Dataset section:

▬▬▬

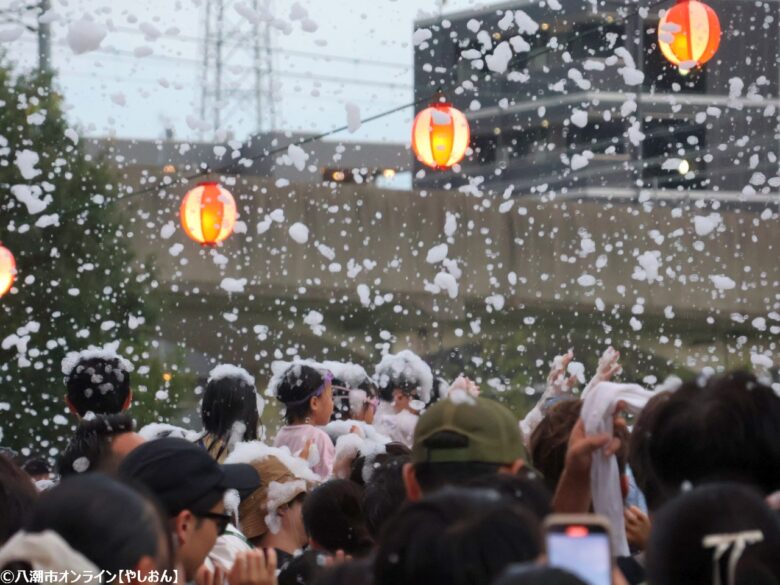 TX三郷中央駅・におどり公園で再び開催！泡まみれの夏祭り『泡あわ×ボンBON』が大盛況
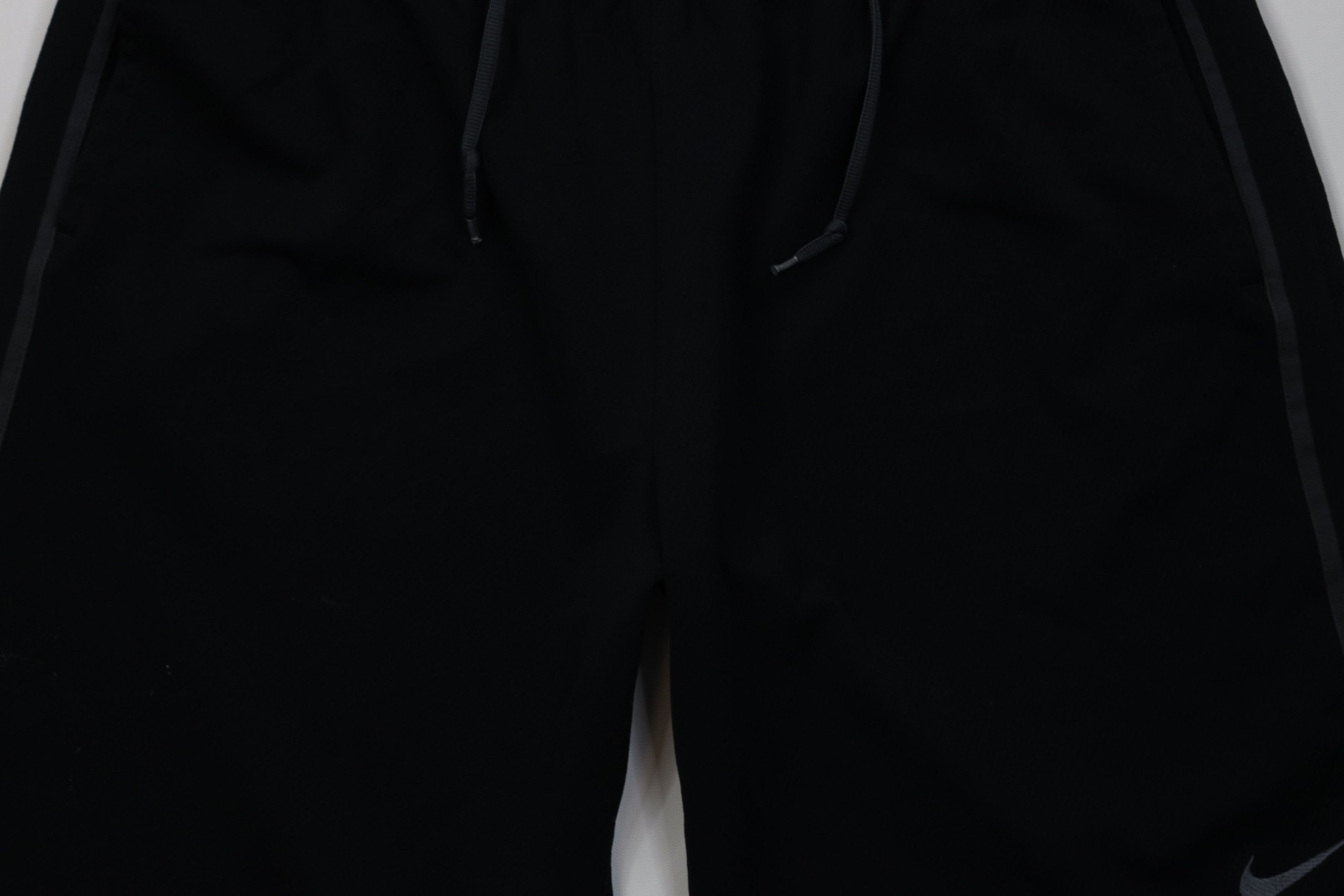 Nike Vintage Y2K Nike Mini Swoosh Above Knee Knit Shorts Black Size US 34 / EU 50 - 3 Thumbnail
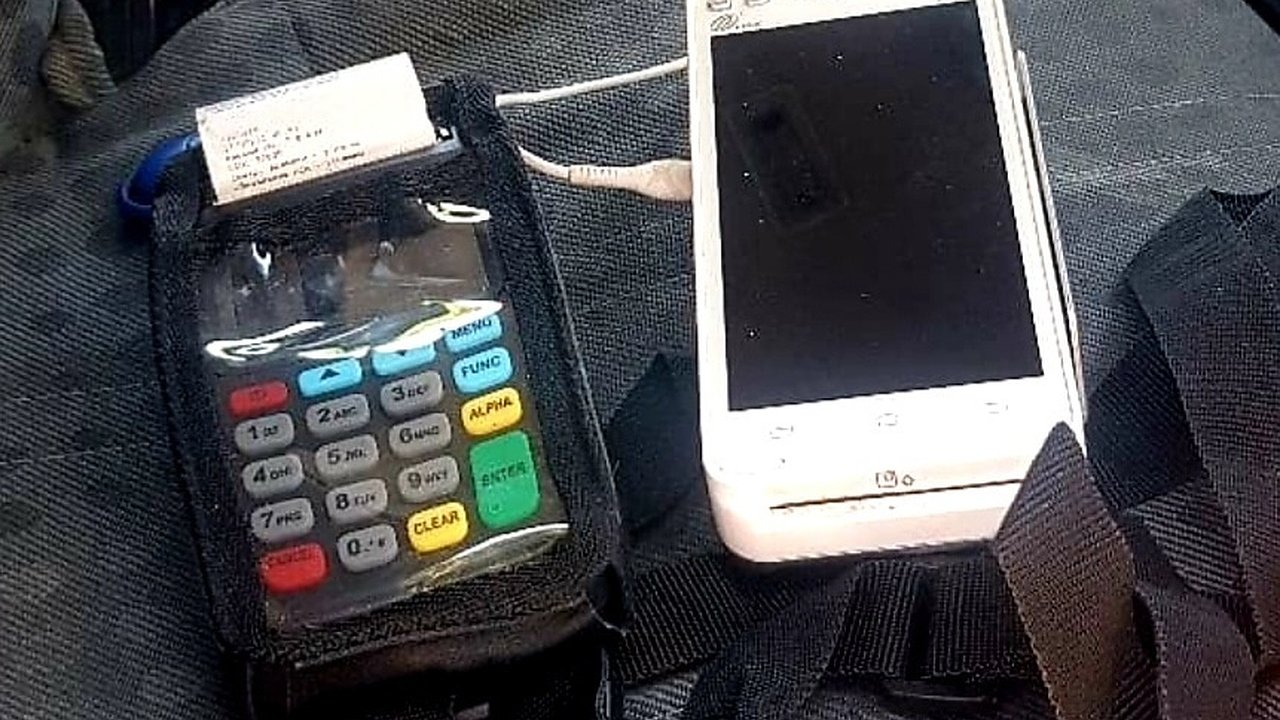 Главная картинка новости: С июня проезд в общественном транспорте Новороссийска станет дешевле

▬▬▬

Work to be completed: A word-for-word copy of all the data is required, minus the pictures.

The completed task:
 TX三郷中央駅・におどり公園で再び開催！泡まみれの夏祭り『泡あわ×ボンBON』が大盛況
 Nike Vintage Y2K Nike Mini Swoosh Above Knee Knit Shorts Black Size US 34 / EU 50 - 3 Thumbnail
 Главная картинка новости: С июня проезд в общественном транспорте Новороссийска станет дешевле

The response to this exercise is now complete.